# Thread: A continous random variable...

1. ## Joint probability density function

Question
The joint probability density function of X and Y is given by

f(x,y) = $\displaystyle \begin{cases} exp[-(x+y)] & 0 \le x < \infty , 0 \le y < \infty \\ 0 & otherwise \end{cases}$

Compute E[X] and P[Y>2]

2. They are indep by inspection.
Both X and Y are exponential with mean 1.
So E(X)=1 and

$\displaystyle P(Y>2)=\int_2^{\infty}e^{-y}dy=e^{-2}$

3. ## I am stuck

Originally Posted by matheagle
They are indep by inspection.
Both X and Y are exponential with mean 1.
So E(X)=1 and

$\displaystyle P(Y>2)=\int_2^{\infty}e^{-y}dy=e^{-2}$

Here is what i have done

g(x) = $\displaystyle \int_{0}^{ \infty}$ f(x,y) dy
= $\displaystyle \int_{0}^{ \infty}$ exp[-(x+y)] = -$\displaystyle \int_{0}^{ \infty}$ exp(x+y) dy
= - $\displaystyle \int_{0}^{ \infty}$ $\displaystyle exp(x) \ . \ exp(y) dy$

= -exp(x) $\displaystyle \int_{0}^{ \infty}$ exp(y) dy = ?_________I am stuck here what is exp(y)....

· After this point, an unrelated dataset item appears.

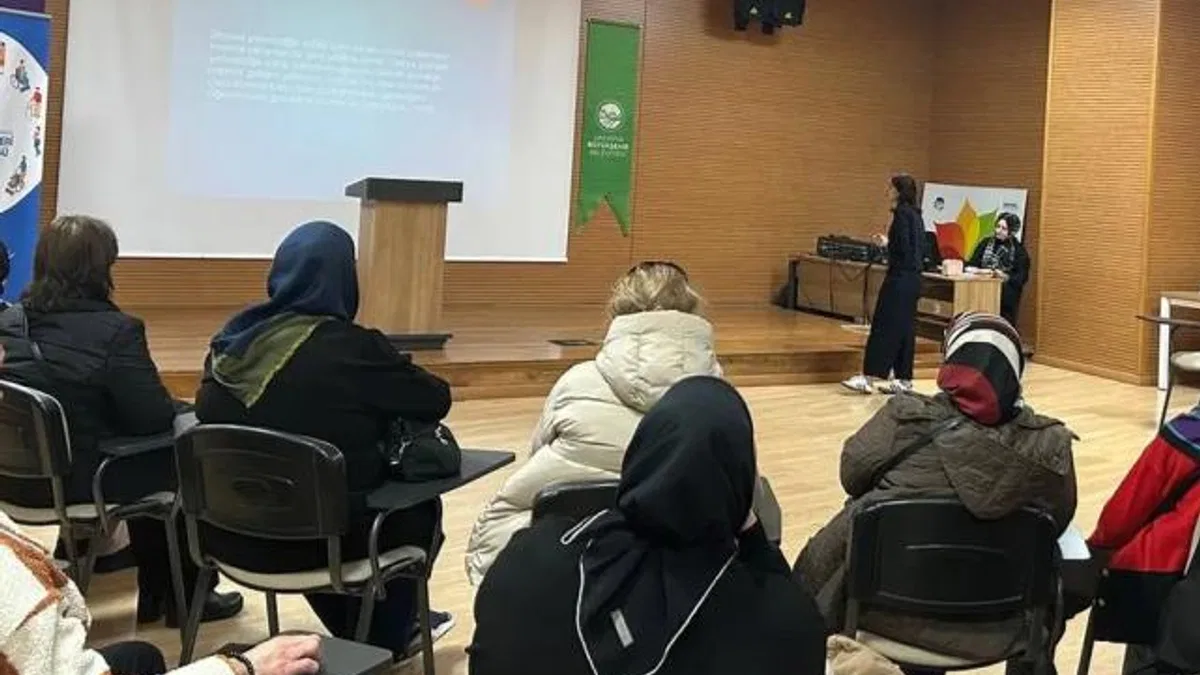 Sakarya SGM’de özel bireylerde ergenlik süreci anlatıldı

4. INFINITY since you forgot the negative in the exponent.
DID you read my previous post?

5. ## I m stuck

Originally Posted by matheagle
INFINITY since you forgot the negative in the exponent.
DID you read my previous post?

I have read ur prev post, but what about the -ve sign ..........i have not forgotten about it but i feel i am missing something ............

6. I'll fix this, but there is to reason to do it this way...

$\displaystyle g(x) = e^{-x}\int_{0}^{ \infty}e^{-y}dy=e^{-x}$

you should know that the derivative and integral of $\displaystyle e^{-y}$ is $\displaystyle -e^{-y}$

7. ## Now i am again stuck

Originally Posted by matheagle
I'll fix this, but there is to reason to do it this way...

$\displaystyle g(x) = e^{-x}\int_{0}^{ \infty}e^{-y}dy=e^{-x}$

you should know that the derivative and integral of $\displaystyle e^{-y}$ is $\displaystyle -e^{-y}$
g(x) = $\displaystyle e^{-x}$ or $\displaystyle -e^x$.......which one is it?????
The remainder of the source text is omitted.